#### INPUT DATA

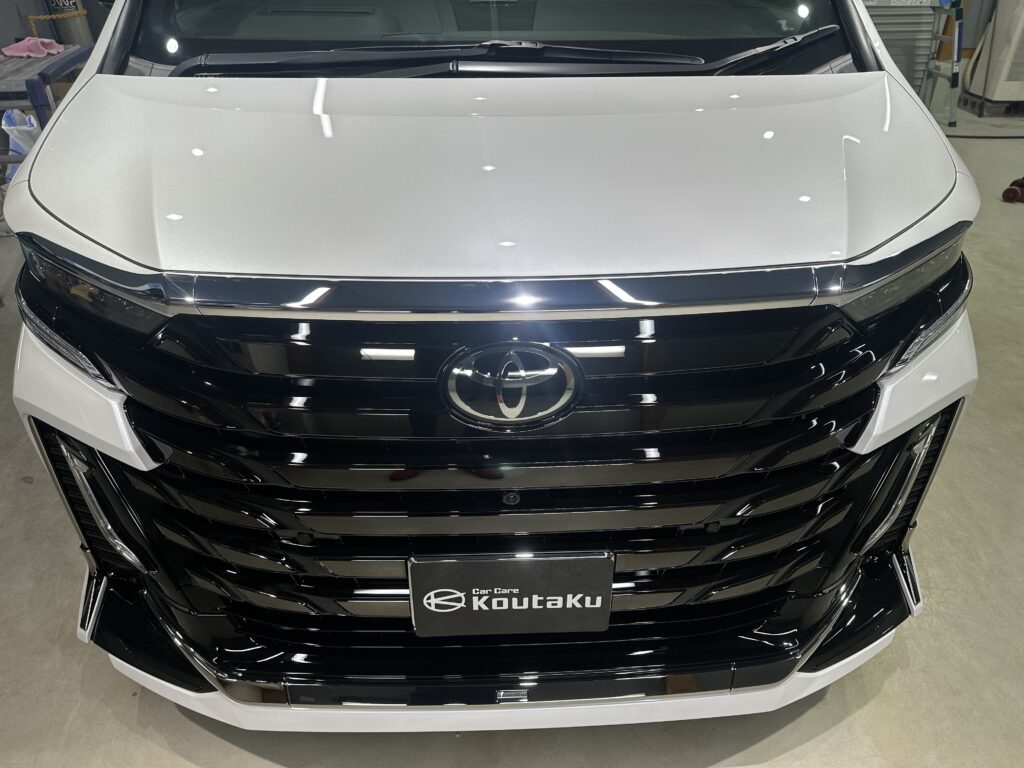 トヨタ・ヴェルファイア・鏡面磨き作業+セラミックコーティング施工事例　富山市Ｅ様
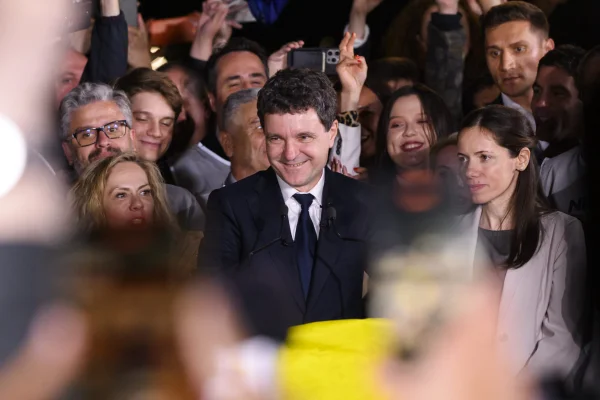 Nicușor Dan:  Biografia, familia, realizările și averea noului președinte al României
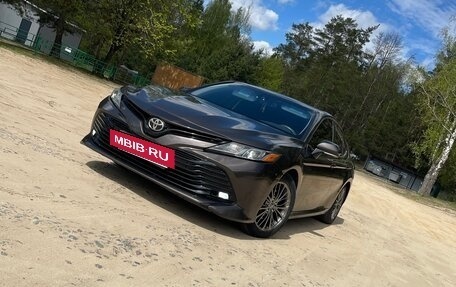 Toyota Camry, 2018 год, 2 850 000 рублей, 2 фотография
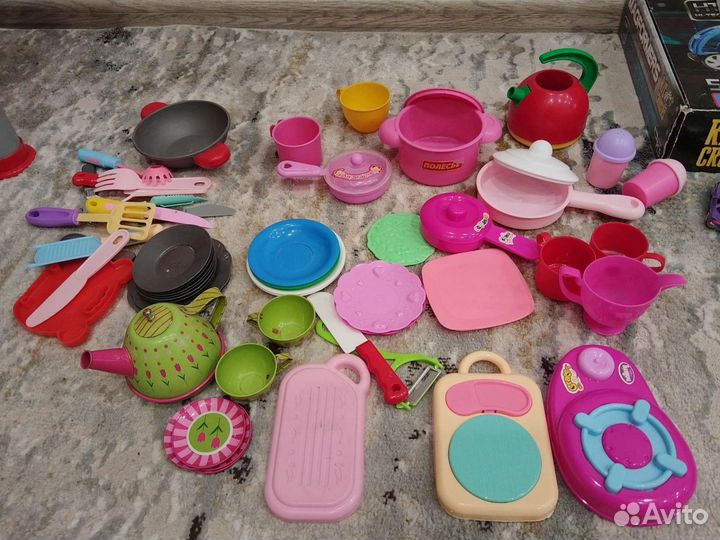 Кухня для девочек с посудой, кухня с аксессуарами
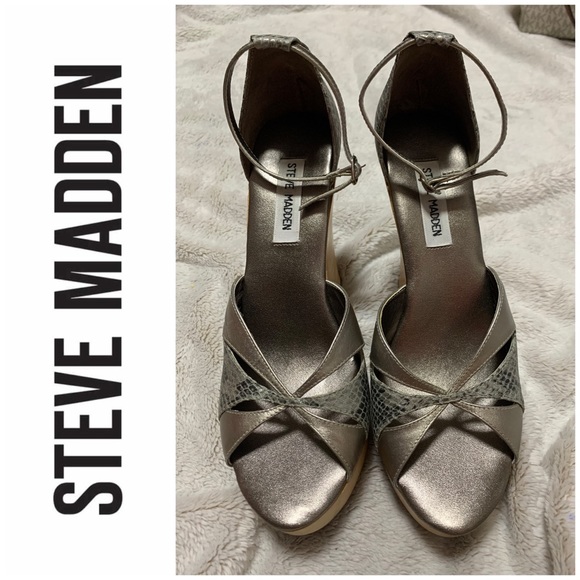 Steve Madden Shoes - Last chance ⚠️⚠️ Steve Madden wedges!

########

=== REQUIRED ACTION ===
Write out exactly the lines from the one containing "președinte al României" through the last line of the records above, both ends included, and leave out any pictures.

=== ANSWER TO THE PROBLEM ===
 Nicușor Dan:  Biografia, familia, realizările și averea noului președinte al României
 Toyota Camry, 2018 год, 2 850 000 рублей, 2 фотография
 Кухня для девочек с посудой, кухня с аксессуарами
 Steve Madden Shoes - Last chance ⚠️⚠️ Steve Madden wedges!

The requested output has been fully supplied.